=== TASK DETAILS ===
Starting at the line below with "New Balance logo-motif" and stopping at the line with "Skuad hoki negara", please print each line exactly, those two included, and skip every picture.

=== PROVIDED MATERIAL ===
== Segment start ==
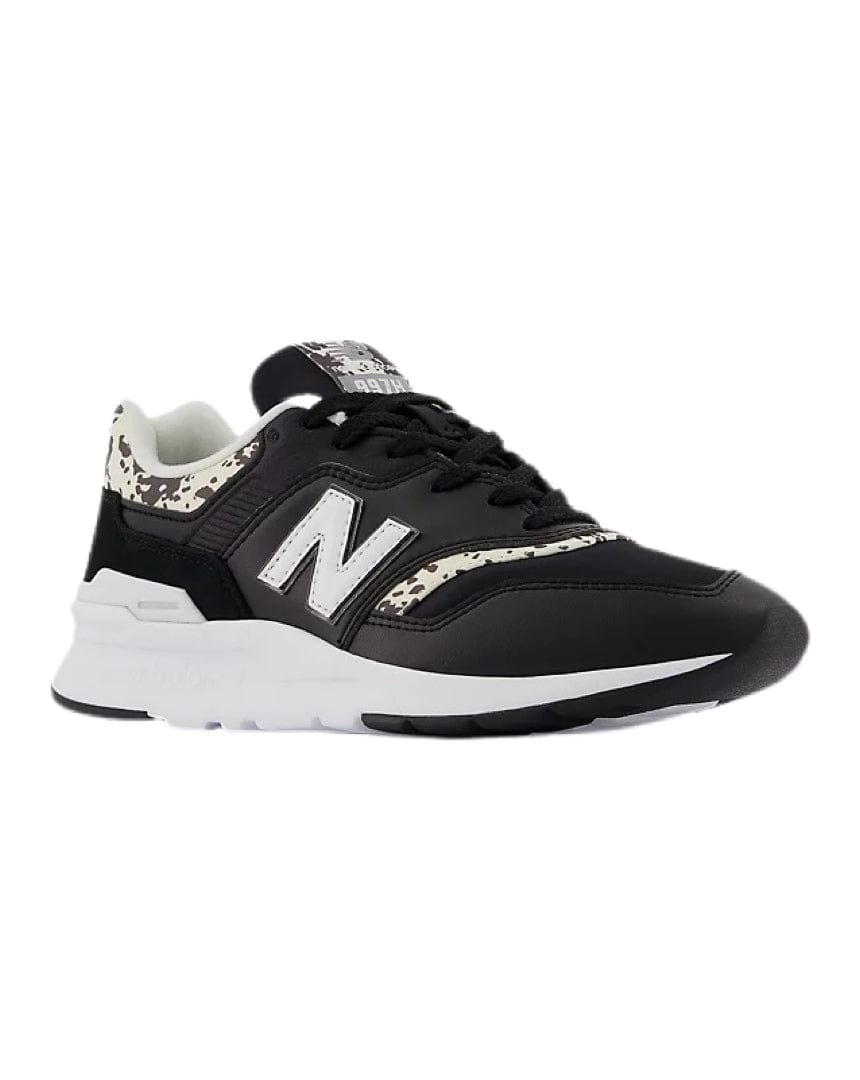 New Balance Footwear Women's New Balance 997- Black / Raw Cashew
== Segment end ==
== Segment start ==
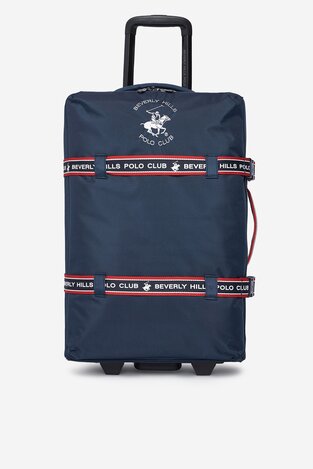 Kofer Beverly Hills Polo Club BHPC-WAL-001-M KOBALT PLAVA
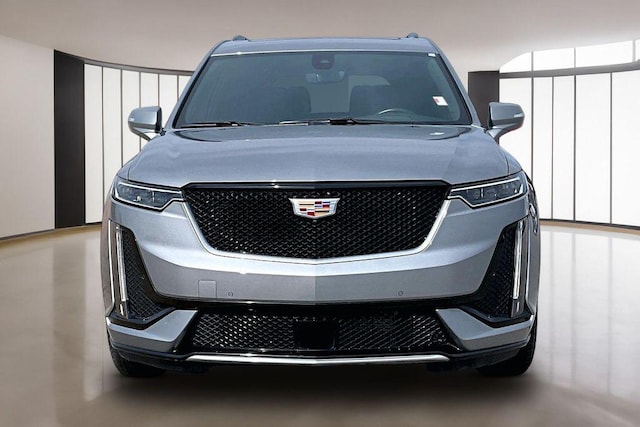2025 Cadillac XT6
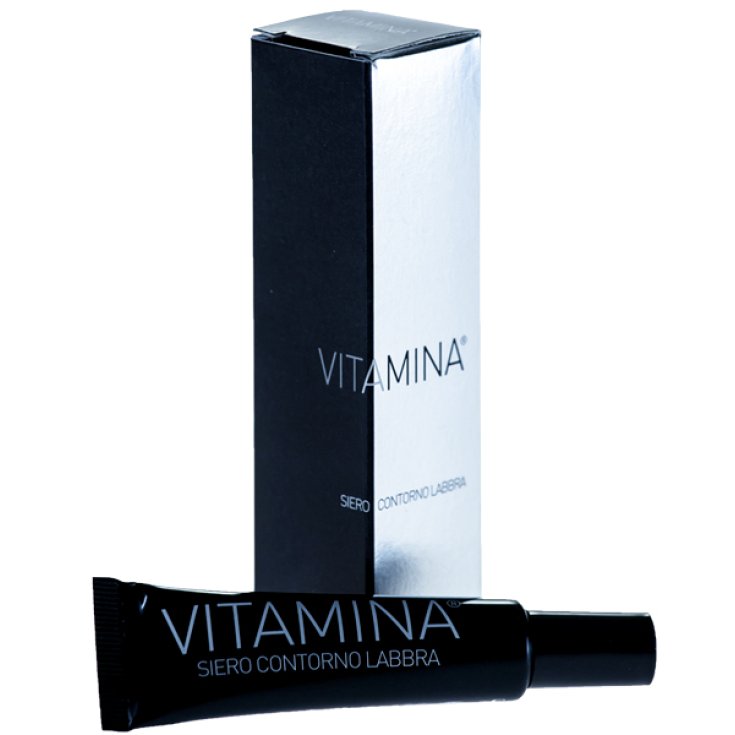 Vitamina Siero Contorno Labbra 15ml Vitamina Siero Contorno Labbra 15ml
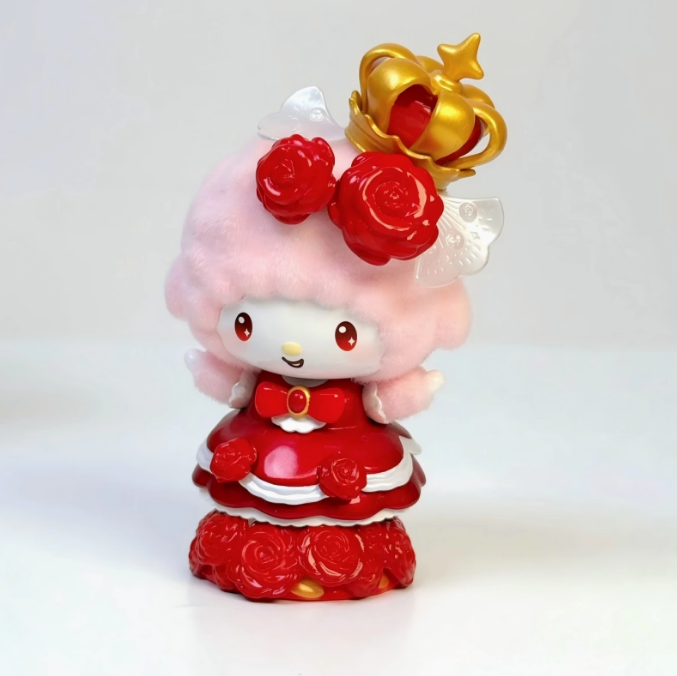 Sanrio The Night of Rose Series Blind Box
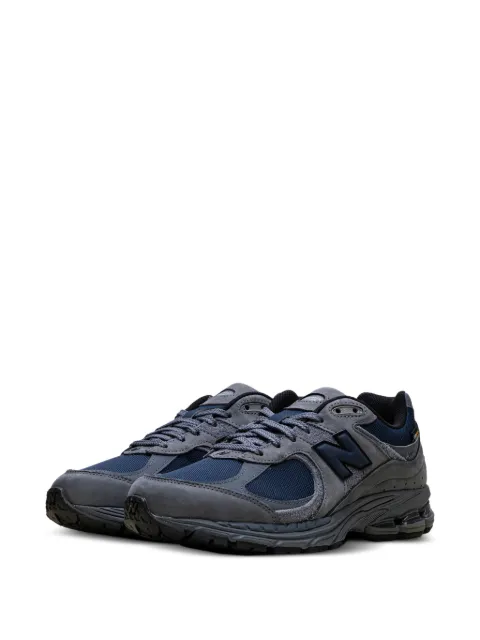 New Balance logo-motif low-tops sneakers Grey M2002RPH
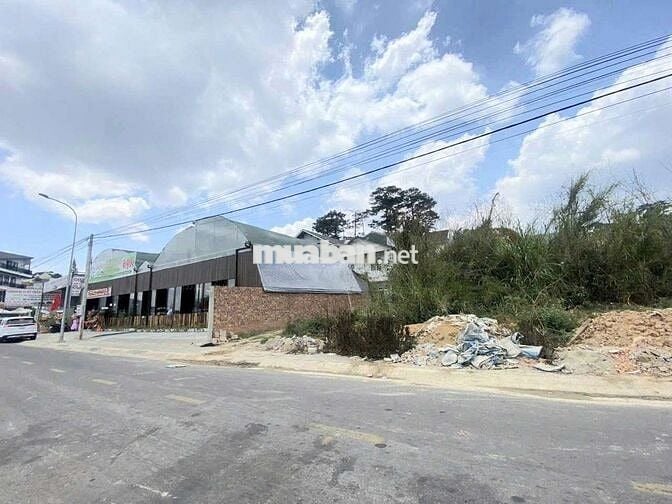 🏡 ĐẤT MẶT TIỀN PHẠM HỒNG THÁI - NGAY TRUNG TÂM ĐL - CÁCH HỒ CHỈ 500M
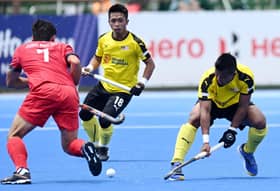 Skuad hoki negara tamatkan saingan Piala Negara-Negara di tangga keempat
== Segment end ==
=== TASK SOLUTION ===
 New Balance logo-motif low-tops sneakers Grey M2002RPH
 🏡 ĐẤT MẶT TIỀN PHẠM HỒNG THÁI - NGAY TRUNG TÂM ĐL - CÁCH HỒ CHỈ 500M
 Skuad hoki negara tamatkan saingan Piala Negara-Negara di tangga keempat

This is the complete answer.